Em face de repercussões imprevisíveis, o ideal pode ser abandonado


ou adaptado, decisão a ser tomada com base exclusiva em valores,
mas motivada por uma constatação empírica. Na opinião de Weber,
muitas controvérsias políticas não teriam sentido, por resultarem de
uma incompreensão de que certos valores não são partilhados, de
modo que não haveria um fim unívoco desejado por todas as partes.

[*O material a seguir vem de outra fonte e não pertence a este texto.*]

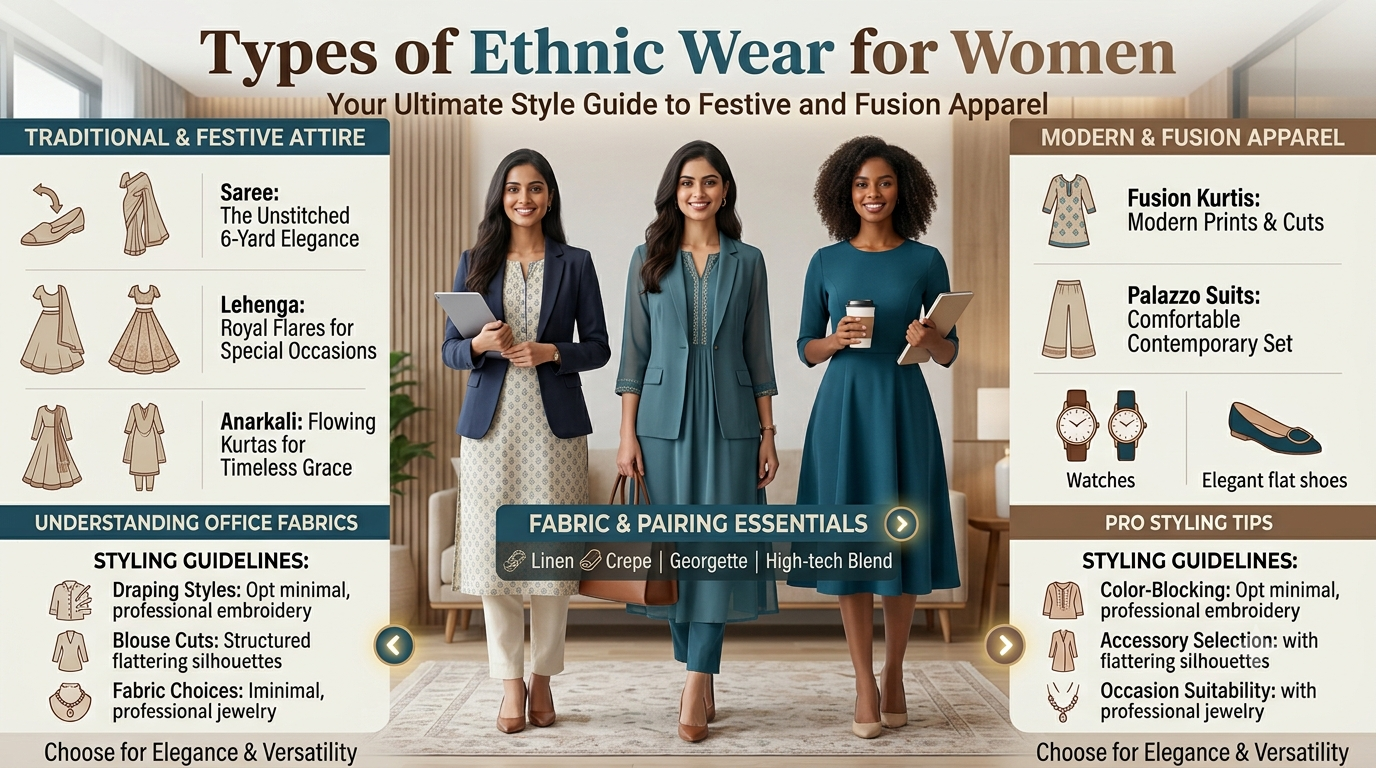 You are currently viewing Types of Ethnic Wear for Women – Complete List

A ciência prestaria inestimável serviço à política, nesta matéria,


esclarecendo as diferenças de posicionamento e os constrangimentos
a que a realidade submete a consecução de seus objetivos. Mas não
poderia oferecer mais do que isso, não se devendo esperar dos grandes
cientistas que fossem líderes políticos.

Karl Mannheim
Minha exposição baseia-se na obra mais famosa de Mannheim (1956),
Ideologia e Utopia. De acordo com Mannheim, o homem só pensa

112 Cadernos de Sociologia e Política


enquanto membro de um grupo, sem pretender com isso que houvesse
uma mente coletiva. O conhecimento não é o produto da apreensão
da realidade por um indivíduo com capacidades inatas e comuns;
origina-se, antes, de interações sociais, na cooperação para solucionar
problemas trazidos pela vida em certo grupo, cuja atenção prioriza
determinados aspectos em detrimento de outros.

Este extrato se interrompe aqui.